But these are just the high-profile cases we hear about. As an MP, I have been contacted countless times by people from the EU living in my constituency of Oxford West and Abingdon who are extremely worried about their future here. I have seen first-hand how the Conservatives’ heartless approach is causing unbearable anxiety among EU citizens who are our neighbours, colleagues and friends.

In a packed public meeting in Oxford to mark our solidarity with Europe, it was these valued neighbours who were the closest to tears. They are scientists, researchers, teachers and nurses. Fearful of another Windrush-style scandal, they plead for physical proof of status. They called for an easier process to get it in the first place, and they warned of the many who haven’t even applied yet.

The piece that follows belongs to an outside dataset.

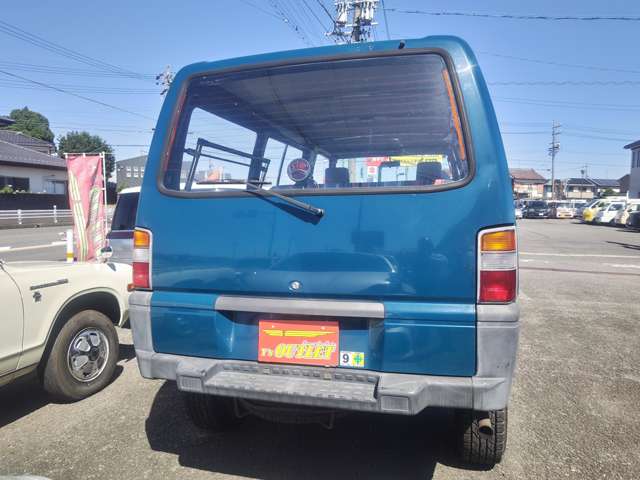 Mitsubishi Delica Van 5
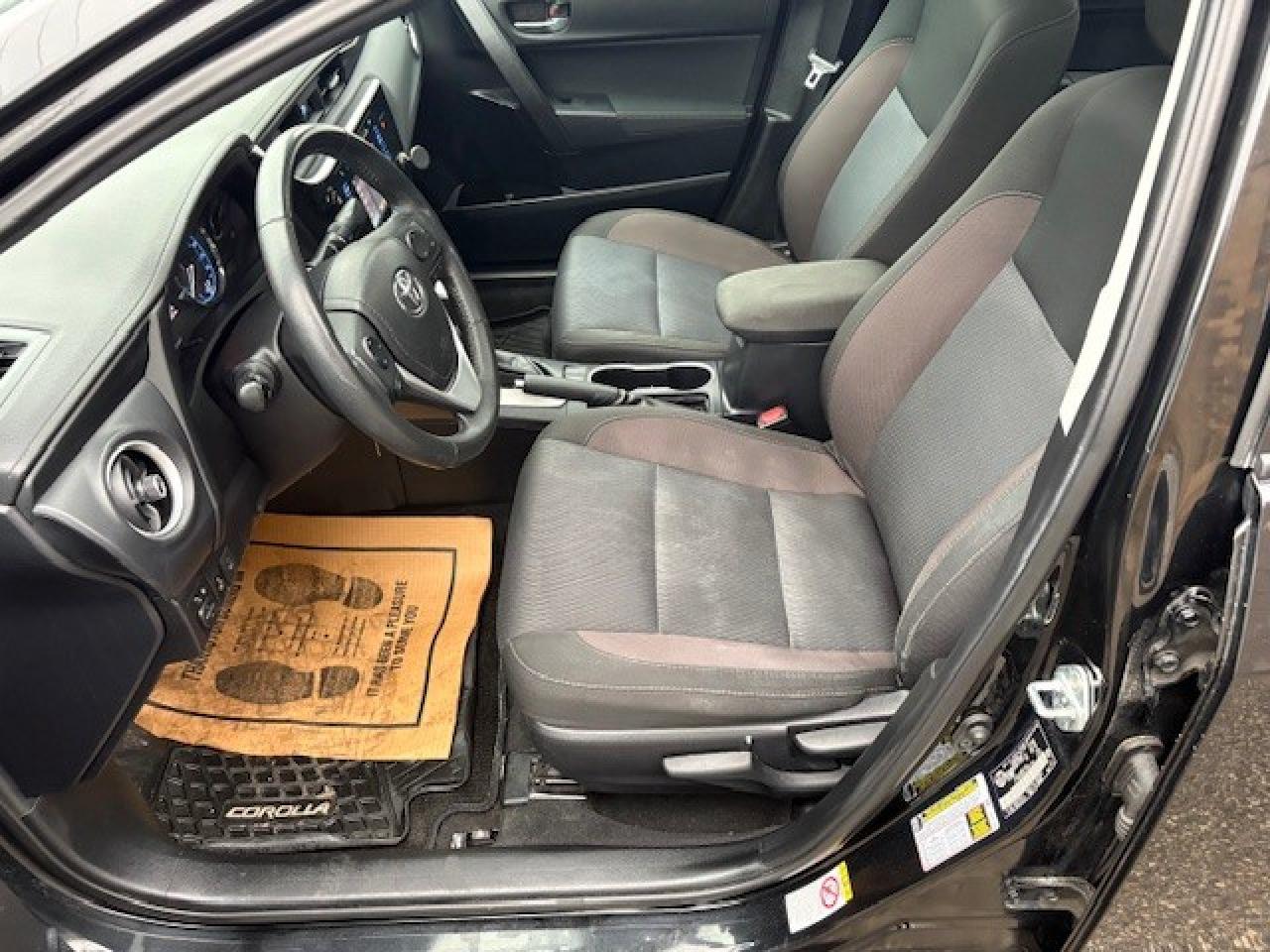 2018 Toyota Corolla LE (CVTi-S) 4dr Sedan Photo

Other vulnerable and harder to reach groups, such as the elderly, people with disabilities or children in care, may not even be aware they have to apply. They will find it even more difficult to meet the requirements. This Conservative government is shamefully turning a blind eye.

Of course, we must not forget the plight of the estimated 1.5 million UK citizens living elsewhere in the EU, many of whom are also facing barriers to their right to live and work abroad because of Brexit. The best way to help them is to foster good will among our European neighbours, by granting permanent residency to all EU nationals living in the UK, instead of treating them as bargaining chips and pandering to anti-immigrant sentiment.

From the outset, the Liberal Democrats have called for EU nationals in the UK to be unilaterally guaranteed the right to stay.

Last year I joined a cross-party delegation to meet with Michel Barnier to plead the case. Negotiators there made it clear that any deal on citizens’ rights is predicated on the UK allowing full reciprocal arrangements: a prospect looking more remote now than ever given recent rhetoric around diverging standards and the ongoing possibility of no deal.

There is a human cost here and I will not stand by while thousands of children are left to live in uncertainty over their futures.

Boris Johnson thinks he can duck responsibility for the promises he made during the referendum campaign and use his majority to inflict a divisive agenda on his country. The Liberal Democrats have a clear message for him: we will not stop holding him and his xenophobic, populist actions to account. We will fight to protect people’s rights and maintain the closest possible relationship with our friends and neighbours in the EU.